CONCEPT Cited by 1 source

Non-deterministic MV maintenance¶

Definition¶

Non-deterministic MV maintenance is the IVM problem of keeping a materialized view correctly up to date when the view definition includes non-deterministic functions — functions whose output depends on when they are evaluated, not just on their inputs.

The two named industrial examples (from Databricks at SIGMOD 2026):

current_date() — evaluates to a different value on each call as the calendar advances. Using it inside an MV definition (e.g. WHERE order_date > current_date() - 30) means the set of rows the MV should contain changes over time even when no input data changes.
AI / LLM functions — ai_query, ai_classify, embedding models, etc. The same input string may return different outputs on different runs because the underlying model version, sampling parameters, or retrieval context have changed.

Why this is hard¶

Standard IVM relies on the deterministic-MV invariant:

Given an input delta ΔT, computing f(ΔT) to produce the output delta ΔV yields the same ΔV regardless of when the computation runs.

This invariant is the algebraic underpinning that lets the engine (a) compute ΔV over the input delta alone, and (b) merge it into the persisted MV without revisiting unchanged rows. Non-deterministic functions break this invariant in two distinct ways:

Way 1: existing rows in the MV become stale even without input changes¶

If the MV definition includes WHERE order_date > current_date() - 30 and a day passes with no new orders, the MV is still wrong — rows that were within 30 days yesterday may not be today. There is no input delta to drive the IVM, but the MV needs to evict rows.

Way 2: incremental result is path-dependent¶

If an AI function ai_classify(text) produced category A for row r1 on the first refresh, and the model is updated before the second refresh, then a re-evaluation of ai_classify(r1.text) on the second refresh would produce category B — but the cached contribution from r1 to the MV still says A. Recomputing the delta over ΔT alone does not surface this issue.

Industrial responses (taxonomy)¶

Most prior industrial IVM systems handle non-determinism by rejecting the MV (the engine refuses to incrementally maintain it) or falling back to full refresh on every change (no real incrementalism). Both responses are coverage failures: the IVM thesis collapses for a meaningful slice of production MV shapes.

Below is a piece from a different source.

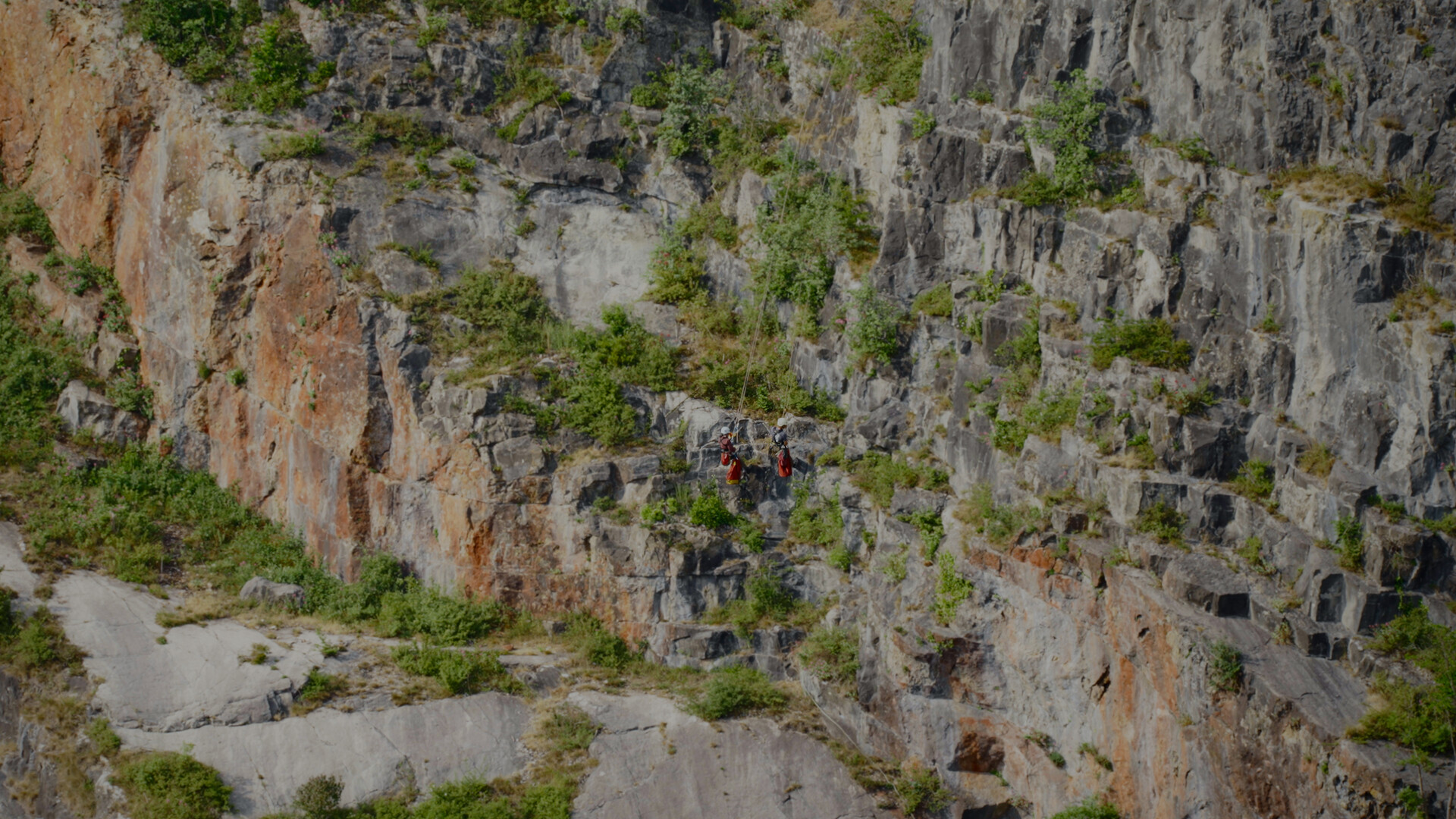 Group of people climbing cliff.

Enzyme's claim is correctness under incremental maintenance for both current_date() and AI functions. The blog post does not disclose the mechanism; plausible techniques include:

Technique	What it does	Applies to
Snapshot-timestamp pinning	Bind `current_date()` (and similar wall-clock functions) to a snapshot timestamp captured per refresh; re-evaluating the MV at the same snapshot yields the same result.	`current_date()`, `current_timestamp()`, `now()`
Time-window-aware incremental rewrite	Detect that the MV depends on a moving time window and emit deletions / re-evaluations for rows that crossed the window boundary since the last refresh.	Time-windowed MVs that filter by `current_date()`
Per-row AI-function result caching	Persist `ai_function(input) → output` as a side table keyed on input hash + model version; an MV refresh consults the cache rather than re-invoking the model.	AI functions where the same input recurs across runs
Model-version invalidation	When the AI function's model version changes, invalidate cached results and recompute the affected MV regions.	AI functions
Opt-out taint analysis	Detect non-deterministic-function call sites; mark dependent rows / partitions as "must recompute"; recompute only the marked region rather than the full MV.	Mixed deterministic + non-deterministic MVs
Compose with LLM-as-judge caching	The cache layer treats AI-function output as data with explicit invalidation semantics.	AI functions in pipelines

Enzyme's actual mechanism is deferred to the arXiv paper.

What this unlocks¶

If current_date() and AI functions are first-class citizens in the IVM grammar, three previously hand-coded ETL patterns collapse into declarative MVs:

Rolling-window aggregations — "orders in the last 30 days by region" — declared as a single MV, kept fresh as the calendar advances and as orders arrive.
AI-classified data lakes — a derived table whose rows include an ai_classify(text) column, kept in sync as new rows arrive and the model evolves.
AI-extracted entity tables — ai_extract output materialised into a derived table; refresh policy follows the AI-function cache invalidation rules.

These patterns previously required hand-written delete-then-insert logic, model-version tracking columns, and bespoke backfill code — all collapsed into the MV definition by Enzyme.

Seen in¶

sources/2026-05-29-databricks-databricks-at-sigmod-2026 — first wiki disclosure of the non-deterministic-IVM claim; Enzyme is named as the engine that handles current_date() and AI functions correctly under incremental maintenance, distinguishing it from prior industrial IVM.

concepts/incremental-view-maintenance — the parent concept.
concepts/materialized-view — what is being maintained.
concepts/multi-language-materialized-view — the other named Enzyme novel claim.
systems/enzyme-ivm — the engine making the claim.
systems/lakeflow-spark-declarative-pipelines — the surface where the non-deterministic MV is authored.